The federal maximum weight is set at 80,000 pounds. Trucks exceeding the federal weight limit can still operate on the country’s highways with an overweight permit, but such permits are only issued before the scheduled trip and expire at the end of the trip. Overweight permits are only issued for loads that cannot be broken down to smaller shipments that fall below the federal weight limit, and if there is no other alternative to moving the cargo by truck.

Weight limits need to be enforced so civil engineers have a defined operating range for the roads, bridges, and other infrastructure they build. Computers are no different. This is the reason many systems enforce these types of limits. For example, Amazon clearly publishes the limits for its Simple Queue Service—the max in-flight messages for standard queues is 120,000 messages and 20,000 messages for FIFO queues. Messages are limited to 256KB in size. Amazon KinesisApache KafkaNATS, and Google App Engine pull queues all limit messages to 1MB in size. These limits allow the system designers to optimize their infrastructure and ameliorate some of the risks of multitenancy—not to mention it makes capacity planning much easier.

Unbounded anything—whether its queues, message sizes, queries, or traffic—is a resilience engineering anti-pattern. Without explicit limits, things fail in unexpected and unpredictable ways. Remember, the limits exist, they’re just hidden. By making them explicit, we restrict the failure domain giving us more predictability, longer mean time between failures, and shorter mean time to recovery at the cost of more upfront work or slightly more complexity.

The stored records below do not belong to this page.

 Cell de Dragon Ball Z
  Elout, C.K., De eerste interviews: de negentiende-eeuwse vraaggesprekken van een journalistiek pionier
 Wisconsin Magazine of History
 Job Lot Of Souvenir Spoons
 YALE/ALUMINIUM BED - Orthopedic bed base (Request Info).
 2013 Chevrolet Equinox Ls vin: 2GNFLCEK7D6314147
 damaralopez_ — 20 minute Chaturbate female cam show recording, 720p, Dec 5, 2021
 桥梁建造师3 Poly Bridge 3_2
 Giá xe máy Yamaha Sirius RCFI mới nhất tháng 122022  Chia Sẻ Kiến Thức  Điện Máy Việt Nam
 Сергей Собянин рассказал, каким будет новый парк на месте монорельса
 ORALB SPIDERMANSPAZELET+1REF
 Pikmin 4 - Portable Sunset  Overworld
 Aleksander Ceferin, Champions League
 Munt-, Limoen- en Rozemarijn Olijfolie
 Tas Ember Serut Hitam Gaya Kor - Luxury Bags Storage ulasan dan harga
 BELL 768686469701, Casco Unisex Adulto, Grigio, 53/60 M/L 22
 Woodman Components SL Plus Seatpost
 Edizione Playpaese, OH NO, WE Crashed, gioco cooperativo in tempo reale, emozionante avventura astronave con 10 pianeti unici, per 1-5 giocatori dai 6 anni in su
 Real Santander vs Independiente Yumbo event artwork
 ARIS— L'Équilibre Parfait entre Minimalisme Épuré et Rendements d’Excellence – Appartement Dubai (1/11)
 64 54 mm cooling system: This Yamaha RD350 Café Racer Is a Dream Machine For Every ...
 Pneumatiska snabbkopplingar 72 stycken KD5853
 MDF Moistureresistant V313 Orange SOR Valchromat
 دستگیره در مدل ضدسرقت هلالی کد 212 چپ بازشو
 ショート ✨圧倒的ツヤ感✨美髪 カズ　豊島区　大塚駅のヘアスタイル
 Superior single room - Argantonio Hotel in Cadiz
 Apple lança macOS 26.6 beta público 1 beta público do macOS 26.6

It’s better to be explicit and handle these limits upfront than to punt on the problem and allow systems to fail in unexpected ways. The latter might seem like less work at first but will lead to more problems long term. By requiring developers to deal with these limitations directly, they will think through their APIs and business logic more thoroughly and design better interactions with respect to stability, scalability, and performance.